Читать книгу У истоков литературы. Учебное пособие - Александр Валерьевич Сапа - Страница 32
ПРЕДИСЛОВИЕ
ГЛАВА IV. ЗАБЫТЫЙ МИР, ИЛИ КАК РОЖДАЮТСЯ МИФЫ
§2. Особенности мышления первобытного человека
ОглавлениеПричины, по которым возникли мифы (т. е. ответ на вопрос, почему восприятие мира первобытным человеком должно было принять такую своеобразную и причудливую форму, как мифотворчество), следует, по-видимому, искать в особенностях сознания (мышления) первобытного человека.
В физическом отношении охотники на мамонтов решительно ничем не отличались от нас. Они принадлежали тому же биологическому виду, что и мы – Homo sapiens, более того – они были европеоидами. Но так ли они воспринимали этот мир, как воспринимаем его мы? Ответ не прост: и да, и нет!
Конечно, им были знакомы все наши чувства – и горе, и радость, и любовь, и печаль, и жалость, и зависть, не говоря о простейшем: о голоде, жадности, страхе и боли… Но, казалось бы, будучи такими же, как мы, они очень во многом отличались от нас, «цивилизованных», притом разительно отличались.
Оказывается, «первобытные» люди мыслили, воспринимали окружающий мир по-иному, во многом не так, как мы. Нет, не «проще», не «примитивнее» – а именно по-иному.
Впервые идея о качественном отличии мышления первобытных народов от нашего была высказана в начале XX века французским ученым Люсьеном Леви-Брюлем. На основании большого числа фактов, описанных этнографами, он показал принципиальные отличия современного мышления от мышления «дикаря». Последнее он определил, в общем и целом, как мистическое или прелогическое (предупредив, впрочем, что термины эти во многом условны!).

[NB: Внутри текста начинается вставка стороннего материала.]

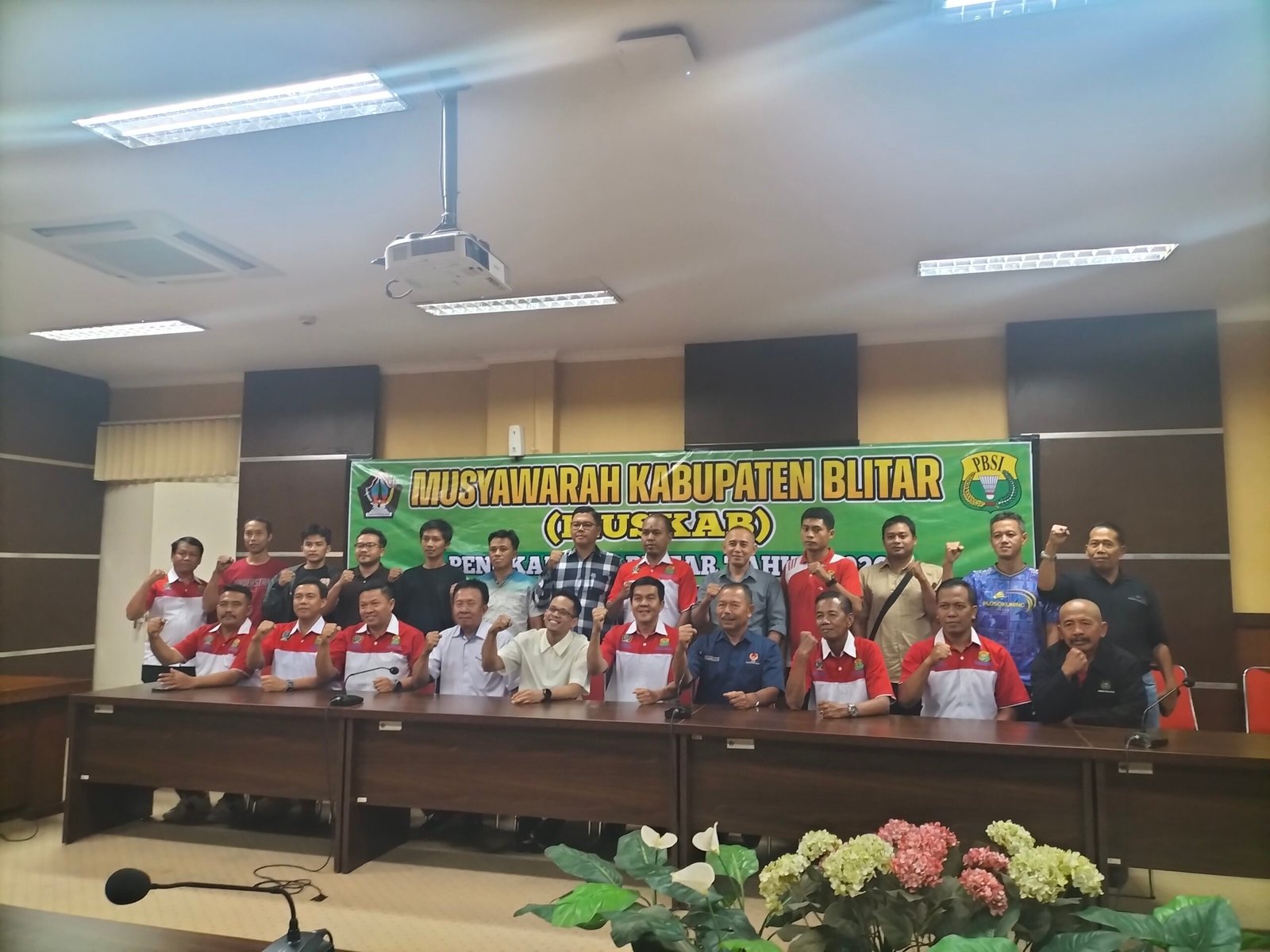 Cak Percil, terpilih secara aklamasi sebagai Ketua PBSI Kabupaten Blitar periode 2026–2031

Сущность первобытного мышления Леви – Брюль определял как его «мистичность», т. е. подчиненность вере в сверхъестественные силы. В сущности, к этой вере сводится и так называемый «закон сопричастия» (партиципация), который, по Леви – Брюлю, – основа первобытного мышления. Мир, по логике прелогического мышления, – единое нераздельное целое. Всякая вещь связана тайными, сокровенными связями со всеми прочими вещами и явлениями. Этими взаимосвязями пронизан весь мир. Например, по логике прелогического мышления, есть предметы, которые могут приносить счастье или несчастье (счастливая стрела, несчастливый бумеранг, который надо потерять); есть и такие люди (легкая рука – тяжелая рука). Вещь отождествляется с образом (изображением): всякое изображение, репродукция сопричастны природе, свойствам, жизни оригинала; отсюда магический вывод: воздействуя на изображение, можно воздействовать на его прототип. Что произойдет с изображением, произойдет и с объектом. А что произойдет с объектом – скажется на судьбах мира.

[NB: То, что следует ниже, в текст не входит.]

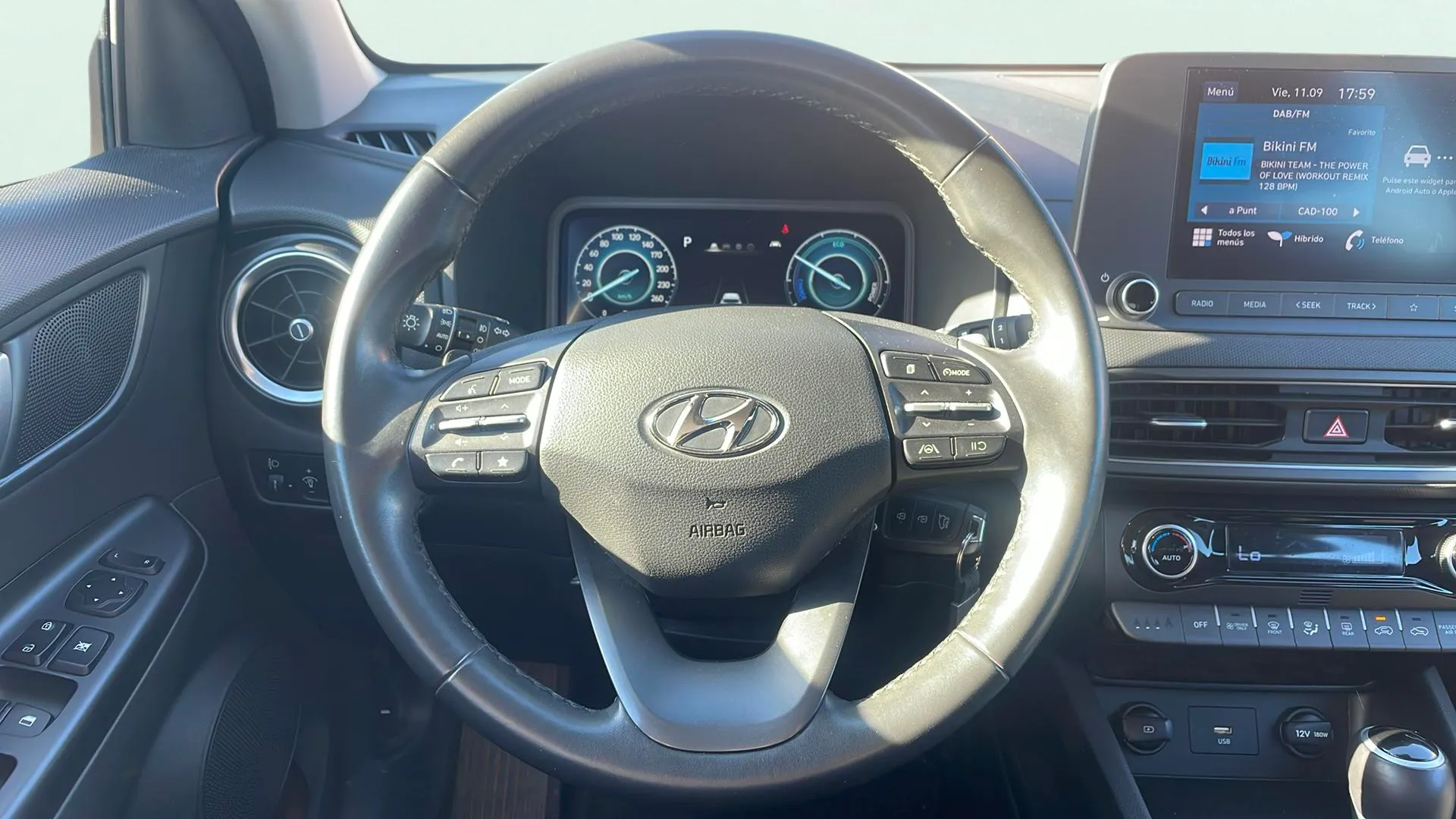 Hyundai Kona 1.6 GDI HEV Tecno 2C DCT - foto 11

Почему мифы возникали у всех народов только в древнейшие времена? Очевидно, что их возникновение должно быть объяснено особенностями той стадии развития сознания, на которой оно тогда находилось. Леви – Брюль первым начал исследовать мифы с точки зрения психологии, которая в них отражается, и её отличия от психологии современного человека.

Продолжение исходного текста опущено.